TASK ITEM:
Repeat, exactly as written, the lines from the one with "4 Pairs Wide" to the final line of the listing, and keep every picture out.

DATA BLOCK:

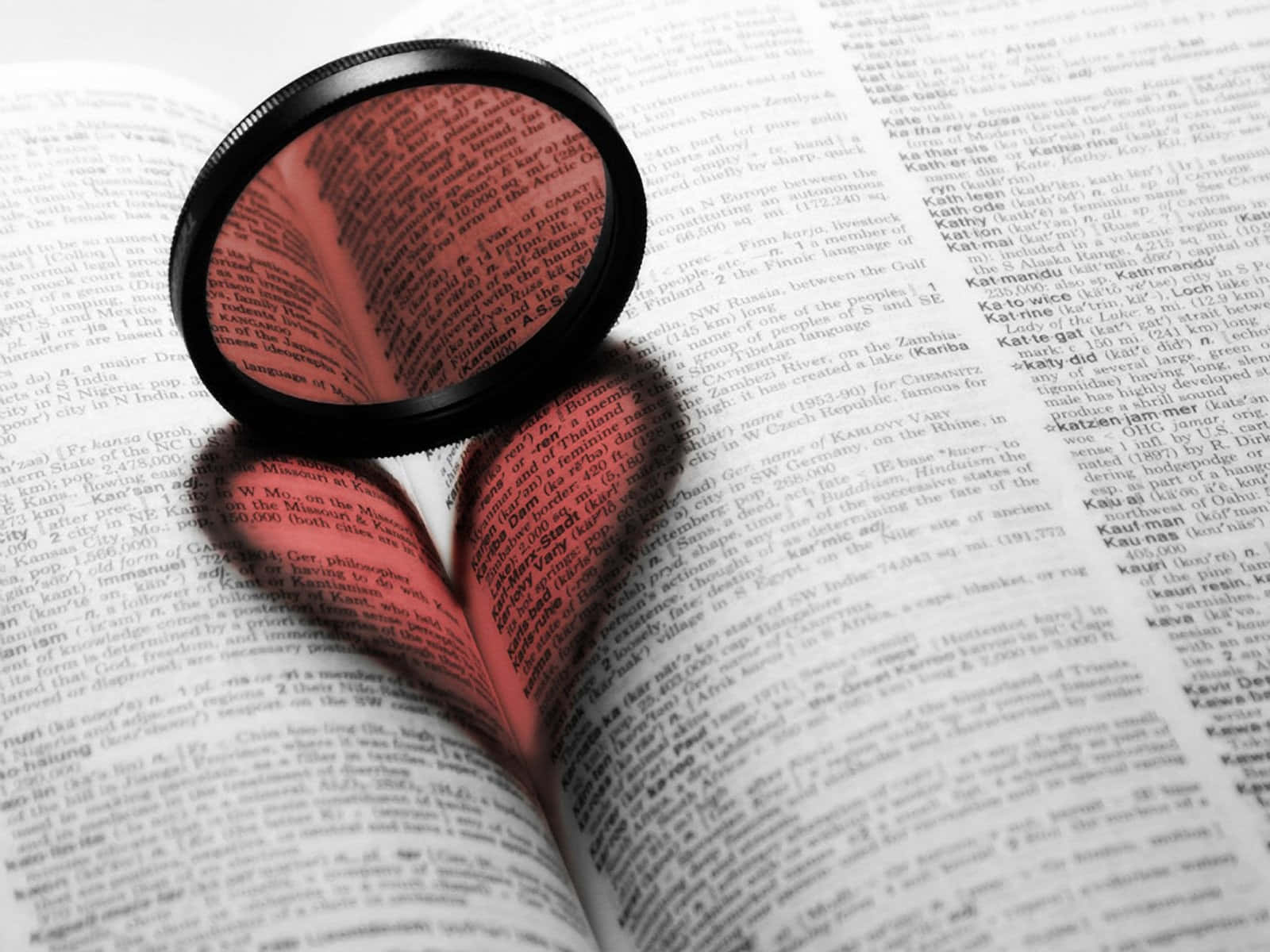 heart shape, magnifying glass, open dictionary page, HD Desktop Wallpaper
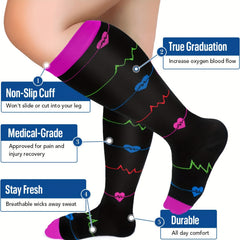 4 Pairs Wide Calf Compression Socks for Men & Women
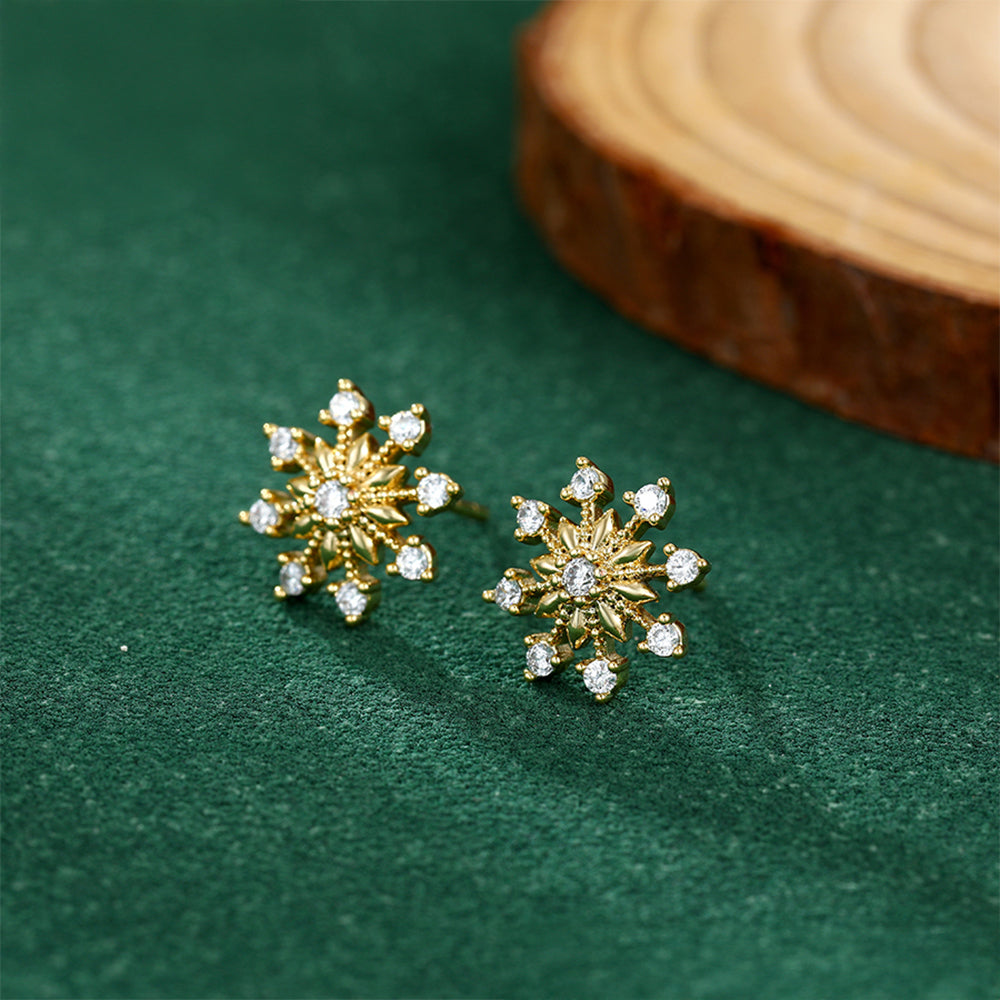 Pendientes de Aleación Bañado en Oro con Cristal Emporia® Blanco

YOUR RESPONSE:
 4 Pairs Wide Calf Compression Socks for Men & Women
 Pendientes de Aleación Bañado en Oro con Cristal Emporia® Blanco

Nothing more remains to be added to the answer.